Con el amor llegó la decepción, el desengaño y el miedo absurdo e infantil a que el otro no ame de la misma manera. Con el amor llegaron las borracheras vergonzosas, las decisiones estúpidas, el desfile de lástima e inclusive la impotencia sexual. Con el amor no queda nada, porque ellos mantienen una relación que no puede existir (por aquello de que Virgina es dueña de un corazón infiel y despiadado, mientras Bill es un hombre de familia), pero que si existiera los haría terminar peor.
Un día ella está llorando, él se conmueve, le toma el rostro y la besa. Sólo eso y nada más. Nada de sábanas revueltas ni asaltos pasionales. Y el principio del fin comienza así, como en cualquier relación de la vida cotidiana. “Nosotros somos lobos solitarios, desplazados de la manada por nuestro rechazo a conformarnos”, sentencia casi marcando un final el Doctor Austin Langham (Teddy Sears). Y ésa es la razón por la que Bill y Virginia no pueden (o no deben) estar juntos. Ambos son dos lobos solitarios, ninguno de ellos con capacidad para amar más allá de su persona, tan iguales que son oscuramente opuestos. Si la serie termina en felices para siempre, entonces a nosotros nos restará imaginarnos que después de dar el sí, el tedio y la monotonía van a separarlos de todos modos y a llevarlos en busca de nuevos horizontes, que ni él ni ella son navidades en familia, actos escolares, máscaras faciales y largas noches de silencio y pijamas abrigados frente al televisor.

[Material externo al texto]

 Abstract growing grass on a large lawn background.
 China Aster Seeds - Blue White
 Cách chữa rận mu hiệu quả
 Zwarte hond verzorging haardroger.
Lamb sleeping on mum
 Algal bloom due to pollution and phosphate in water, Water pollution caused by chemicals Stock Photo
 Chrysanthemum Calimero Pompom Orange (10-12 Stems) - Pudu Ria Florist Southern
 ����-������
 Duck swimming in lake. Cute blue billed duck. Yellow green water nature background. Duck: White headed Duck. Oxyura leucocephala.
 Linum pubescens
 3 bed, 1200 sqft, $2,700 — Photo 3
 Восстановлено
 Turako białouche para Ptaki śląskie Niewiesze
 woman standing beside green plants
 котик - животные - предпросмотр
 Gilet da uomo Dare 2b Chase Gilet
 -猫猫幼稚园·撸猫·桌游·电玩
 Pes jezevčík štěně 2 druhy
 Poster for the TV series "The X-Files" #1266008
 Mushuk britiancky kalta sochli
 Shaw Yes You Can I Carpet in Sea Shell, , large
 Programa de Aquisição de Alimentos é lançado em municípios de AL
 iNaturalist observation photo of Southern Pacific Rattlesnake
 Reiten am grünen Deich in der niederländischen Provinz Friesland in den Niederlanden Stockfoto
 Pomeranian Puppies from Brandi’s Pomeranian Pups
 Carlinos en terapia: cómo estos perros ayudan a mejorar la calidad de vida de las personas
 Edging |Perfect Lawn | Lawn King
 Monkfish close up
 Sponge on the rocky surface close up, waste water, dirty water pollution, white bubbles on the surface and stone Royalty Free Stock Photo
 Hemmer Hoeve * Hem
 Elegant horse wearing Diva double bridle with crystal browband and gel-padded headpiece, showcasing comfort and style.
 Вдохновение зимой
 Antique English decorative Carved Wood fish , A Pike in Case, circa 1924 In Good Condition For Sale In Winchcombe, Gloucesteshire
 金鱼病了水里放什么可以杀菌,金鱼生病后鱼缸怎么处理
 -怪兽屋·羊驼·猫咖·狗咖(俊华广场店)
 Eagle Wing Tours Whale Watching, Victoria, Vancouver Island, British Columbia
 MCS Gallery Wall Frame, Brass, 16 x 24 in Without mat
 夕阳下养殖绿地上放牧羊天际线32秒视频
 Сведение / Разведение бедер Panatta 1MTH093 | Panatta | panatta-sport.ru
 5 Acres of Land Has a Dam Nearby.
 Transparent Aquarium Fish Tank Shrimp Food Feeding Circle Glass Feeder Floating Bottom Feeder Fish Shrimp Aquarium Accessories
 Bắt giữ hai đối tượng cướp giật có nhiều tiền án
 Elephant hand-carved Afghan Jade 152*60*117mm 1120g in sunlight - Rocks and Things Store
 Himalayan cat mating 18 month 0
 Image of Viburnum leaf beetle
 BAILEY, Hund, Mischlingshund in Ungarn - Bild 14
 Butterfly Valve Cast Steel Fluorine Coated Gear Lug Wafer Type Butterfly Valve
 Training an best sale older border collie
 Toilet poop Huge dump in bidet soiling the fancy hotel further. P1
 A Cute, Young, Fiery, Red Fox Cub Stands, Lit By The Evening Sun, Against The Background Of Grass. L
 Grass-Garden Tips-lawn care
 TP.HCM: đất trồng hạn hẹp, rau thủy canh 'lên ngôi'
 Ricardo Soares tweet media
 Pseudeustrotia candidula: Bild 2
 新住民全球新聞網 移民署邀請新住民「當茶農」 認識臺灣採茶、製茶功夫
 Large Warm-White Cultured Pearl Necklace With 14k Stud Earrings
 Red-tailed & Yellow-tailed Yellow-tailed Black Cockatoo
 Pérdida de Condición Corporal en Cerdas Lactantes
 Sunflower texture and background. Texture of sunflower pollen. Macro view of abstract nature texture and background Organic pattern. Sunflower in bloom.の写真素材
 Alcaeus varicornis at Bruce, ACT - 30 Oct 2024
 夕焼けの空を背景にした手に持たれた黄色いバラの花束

Aunque la historia no nos cuente esa parte, un final feliz no siempre significa juntos y lo que todo el mundo quiere no siempre es lo más conveniente. Entenderemos que la realización a veces corre por senderos egoístas y que hay mil maneras de amar, sólo que no todas implican círculos cerrados, casas con perros en el patio y asados dominicales. La serie va escalando por la relación clandestina y llega al punto alto cuando la desesperación, la anticipación los celos y los impulsos más irracionales son aún la parte más linda del amor (sí, más linda). Por eso queremos que se den cuenta de que están enamorados y que de una vez lo sepan todos. Pero luego de eso ya no va a gustarnos tanto, si es como encasillar dos almas libres, si total ya sabemos que Masters y Johnson no están destinados a una vida normal.